Airpower – including US Navy carrier-based assets – would force Japan into an unwinnable battle of attrition. Air superiority would ultimately neutralize the Imperial enclave.
That's the thrust of Rabaul 1943-44 – second installment in Osprey Publishing's new "Air Campaign" series.
After a stage-setting introduction and chronology, contents chronicle the campaign's background and, almost day-by-day, its actions:
- Attackers' Capabilities
- Defenders' Capabilities
- Campaign Objectives
- The Campaign
Subtitled "Reducing Japan's great island fortress", author Mark Lardas' slim, 96-page study explores the campaign's aircraft, basing, facilities, reserves, personnel, tactics, and strategy – Allied and Japanese.

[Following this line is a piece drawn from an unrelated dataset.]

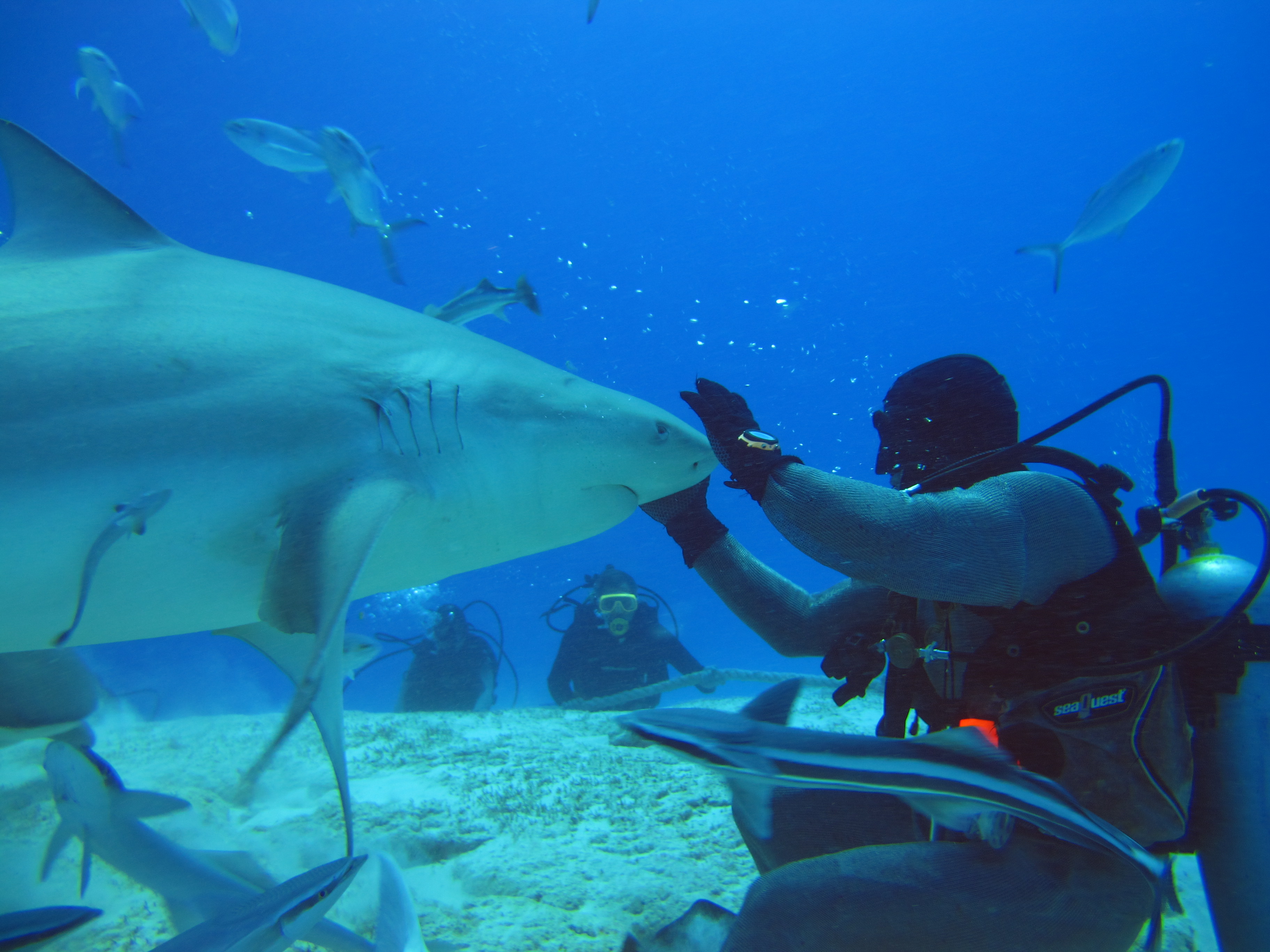saving-our-sharks-playa-del-carmen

USAAF Fifth Air Force, RAAF, RNZAF, USMC, and USN. IJAAF and IJNAF. The campaign also saw combat debuts of, for instance, Curtiss' SB2C Helldiver and Interstate's TDR-1 combat drone.
Allied attacks systematically ravished Rabaul. Facilities. Defenses. Structures. Supply dumps. Warehouses. Repair shops. Power plants. Communications facilities. Naval basing capabilities. Offensive airpower capacities. And more.
Food stocks and production, however, were not destroyed. And Japan's garrison were able to feed themselves – right up to their October 1946 repatriation. "Functionally", Lardas notes, Rabaul continued as "an open-air prisoner of war camp, with the inmates running it, and the jailers not obligated to feed, house, and clothe their charges."
"The Japanese waited for an invasion which never came." Bypassed and crippled, isolated and immobilized, the Imperial stronghold surrendered to Australia 6 Sept 1945.
Illuminating "aftermath" and "analysis" sections conclude coverage. Photos, maps, battle schematics, action paintings, and extended captions augment the account. And a selected bibliography and index wrap things up.
A handy little history. And an informative, entertaining effort. But I'd hardly call RAAF Wirraways "fighters". And I guess the Naruto and Narato were separate ships. Or were they?
My sincere thanks to Osprey Publishing for this review sample!